CampusNews

Transgender issues of legal names to be resolved in guideline allowing preferred names.

Safety and comfort for students is a goal of many schools, but many times it is difficult for schools to provide that for every community and population of students on campus.

 

For students in the transgender community, safety is a national issue that is still being dissected among different schools, but a lot of comfort starts for students who are able to use their preferred name as opposed to their legal one that they no longer identify with. However, there are many schools who have yet to implement policies regarding preferred names on identities on campus.

 

Enter California State University, Long Beach, which has recently established guidelines that will allow students who identify with a different name to soon be able to use that one instead of their birth name at school.

 

“It’s always been an issue with students who don’t identify with the name listed on their birth certificate, so this came out of students who don’t feel comfortable when their legal name is called in class, and if you’re a transgender or genderqueer student, it can be triggering,” said Logan Vournas, a third year ASI Senator-at-Large at CSULB.

 

While the school’s name change won’t affect the status of or change their legal name, it will allow students to go by their preferred names in class, on their ID cards, on MyCSULB and Beachboard.

 

The name change guideline is applicable to all students regardless of orientation, sexuality, gender, etc. and may also be especially utilized by international students who don’t feel comfortable using their birth name in America. But, the focus remains on transgender students who will be affected by this new guideline.

 

“Being called the name I don’t identify with makes me feel super uncomfortable and disassociated, but being called the name I identify with makes me feel safe,” said Gigi Plum, a 16-year-old former student who had dropped out of school but hopes to attend CSULB in the future. “It makes me feel like they care and they respect me.

 

For clarity, with the ideas of gender nonconformity and gender fluidity, names no longer hold correlation to gender. In Gigi’s case, he identifies as a male with his preferred name, Gigi, and his name holds no adhesion to a gender. In many cases, when an identified name is misused or disrespected, the person is made to feel uncomfortable.

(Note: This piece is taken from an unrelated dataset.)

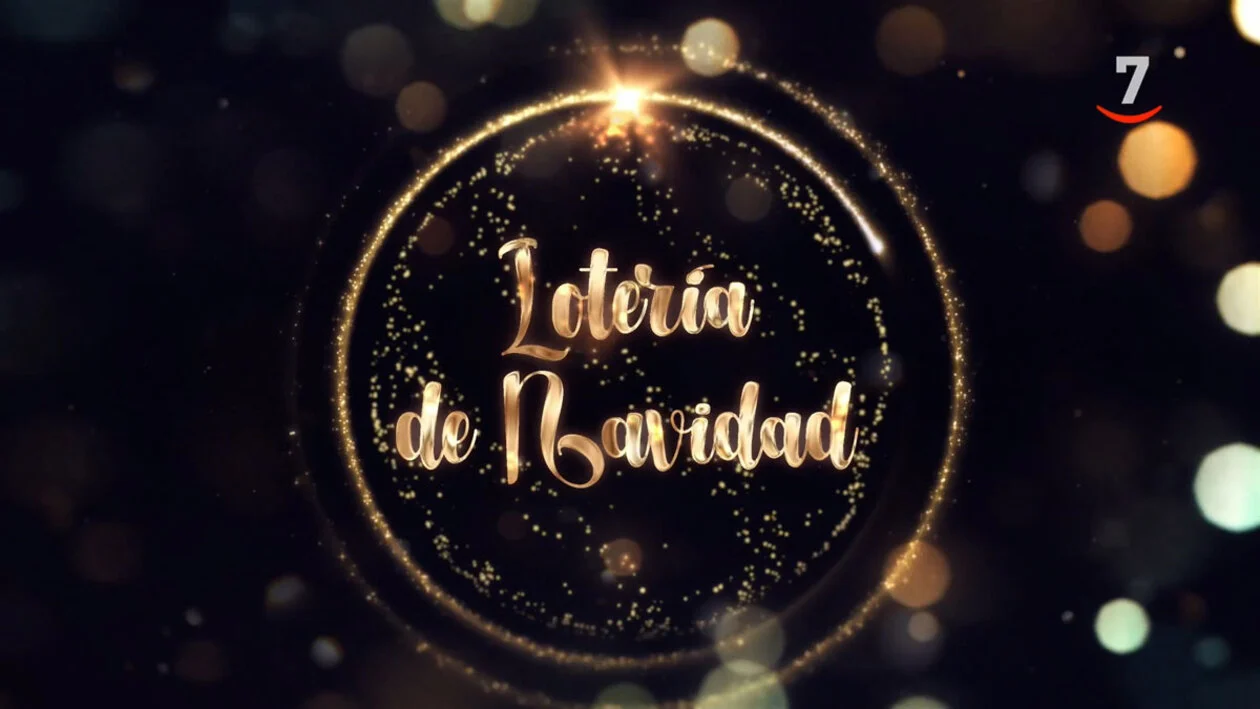 Especial Lotería de Navidad 2024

A national survey by the Gay, Lesbian & Straight Education Network has found that 75% of transgender youth feel unsafe at school, which could cause, as in Gigi’s case, a student to drop out early.

 

It is a common occurrence that transgender students are ‘outed’ by peers and teachers when their legal names are called out during class or in passing, which can cause stress and anxiety for many students. If a student feels comfortable enough to clarify their preferred name in class, they still have to do it on a consistent basis which can often result in these students constantly outing themselves to those around them.

 

With this new guideline, it is hoped that this stress will dissolve.

 

“It feels validating,” said an undeclared freshman at CSULB who has not yet made their gender transition public. “There’s no more anxiety to have to tell the professor before, or after or during class. Having that [the guideline] there would be a lot easier and save so much stress.”
While the federal Title IX law bans sex discrimination in schools, it is still common for transgender students to be harassed by their peers.

 

Calling a student by their legal name rather than their preferred name can be seen as a type of harassment if Title IX representatives deem it so, regardless of who is using it. With CSULB’s new preferred name provisions, the chance of being called out by one’s legal name is minimized and will, as hoped by the community, increase comfort and safety for transgender students on campus.